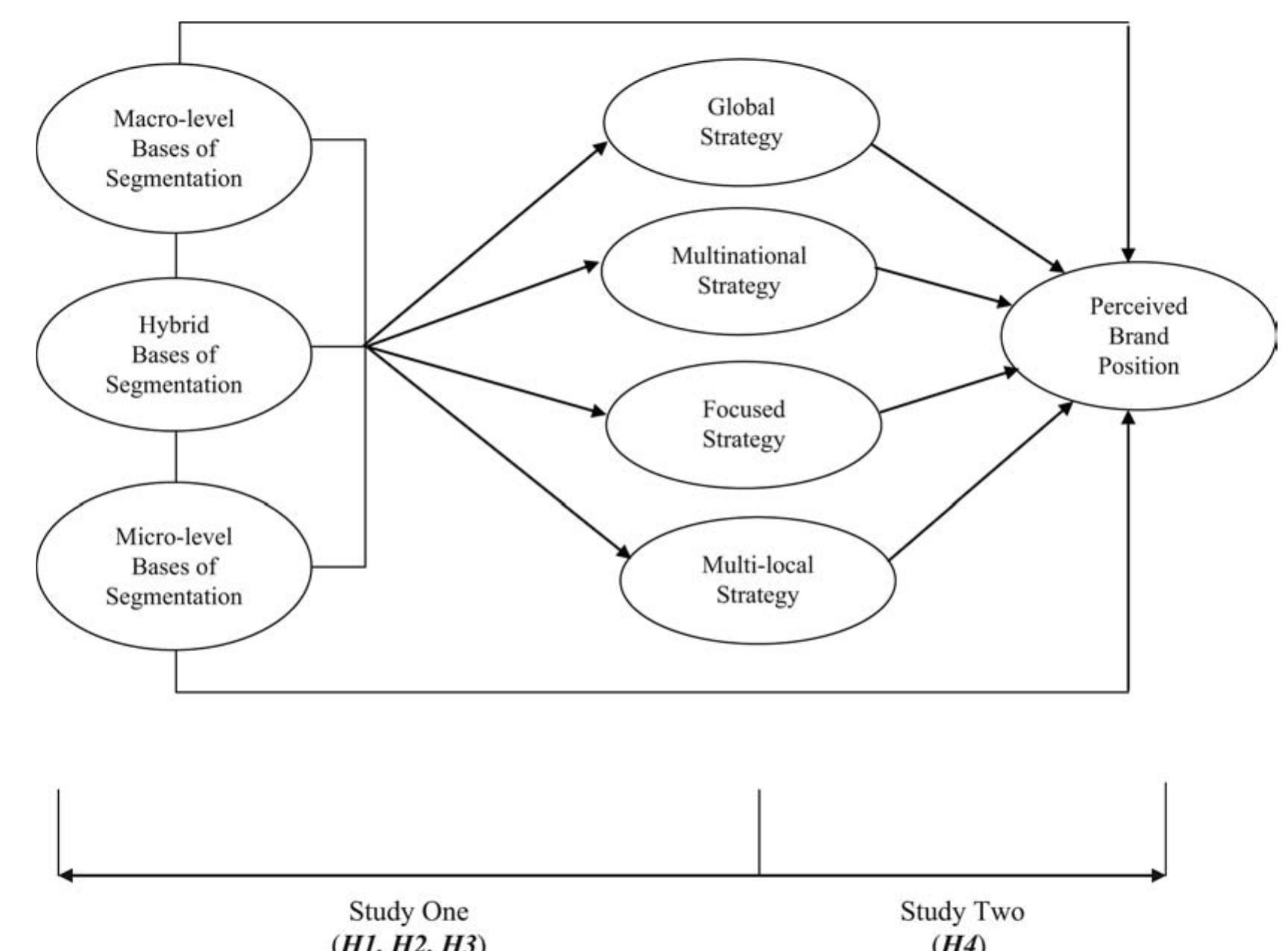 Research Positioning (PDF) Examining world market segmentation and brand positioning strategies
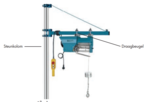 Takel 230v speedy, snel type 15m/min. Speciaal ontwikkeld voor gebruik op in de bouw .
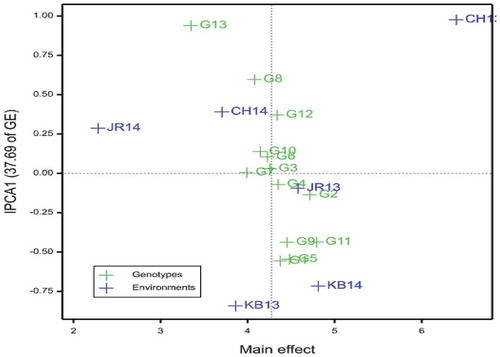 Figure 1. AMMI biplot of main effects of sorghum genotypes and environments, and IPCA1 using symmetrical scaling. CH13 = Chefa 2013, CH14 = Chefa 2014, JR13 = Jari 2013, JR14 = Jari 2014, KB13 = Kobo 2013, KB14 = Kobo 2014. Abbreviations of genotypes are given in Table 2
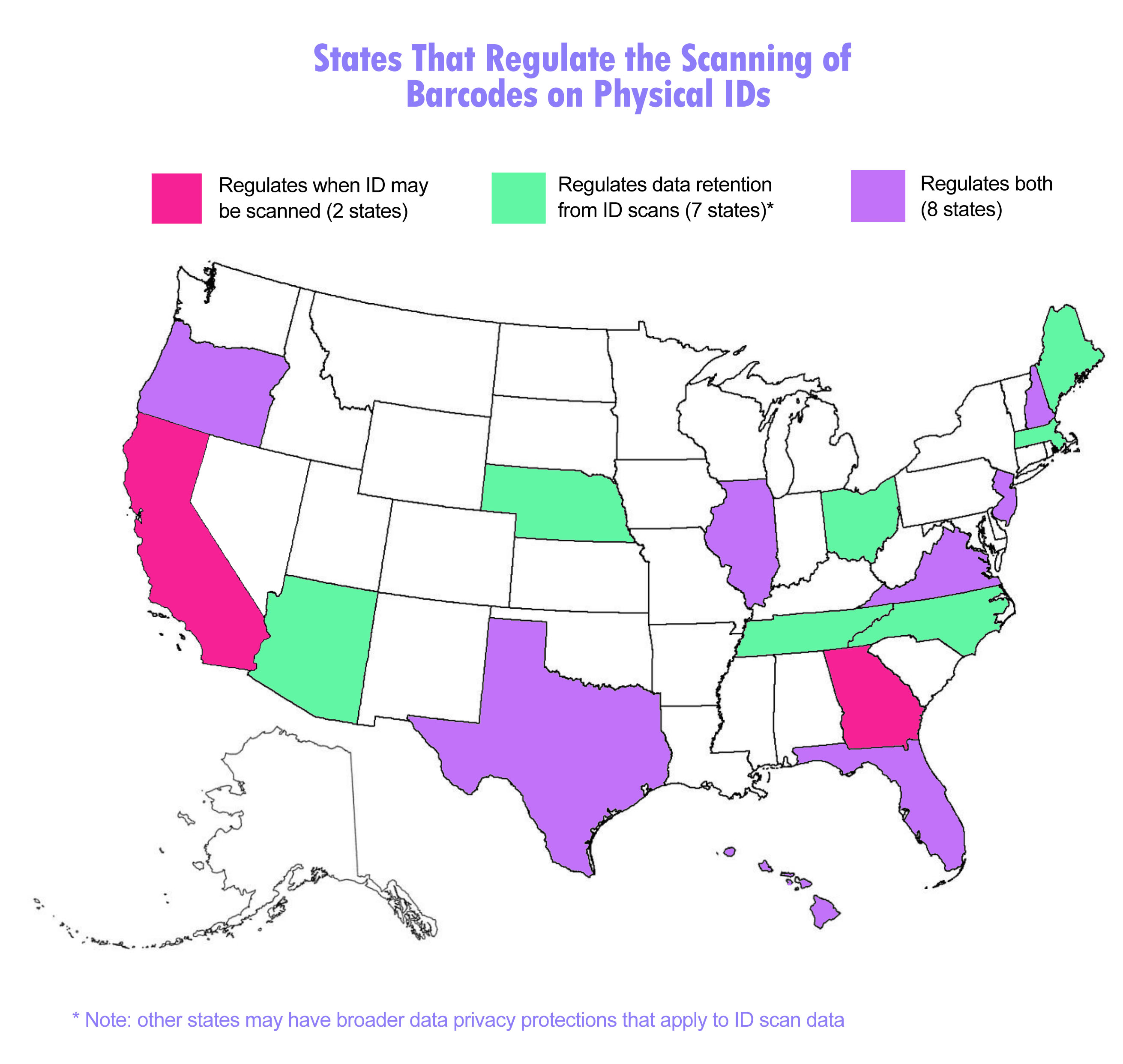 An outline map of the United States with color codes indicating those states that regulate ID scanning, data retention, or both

> What you should do: Without the pictures, write out the listing exactly as it appears above.

> Written answer:
 Research Positioning (PDF) Examining world market segmentation and brand positioning strategies
 Takel 230v speedy, snel type 15m/min. Speciaal ontwikkeld voor gebruik op in de bouw .
 Figure 1. AMMI biplot of main effects of sorghum genotypes and environments, and IPCA1 using symmetrical scaling. CH13 = Chefa 2013, CH14 = Chefa 2014, JR13 = Jari 2013, JR14 = Jari 2014, KB13 = Kobo 2013, KB14 = Kobo 2014. Abbreviations of genotypes are given in Table 2
 An outline map of the United States with color codes indicating those states that regulate ID scanning, data retention, or both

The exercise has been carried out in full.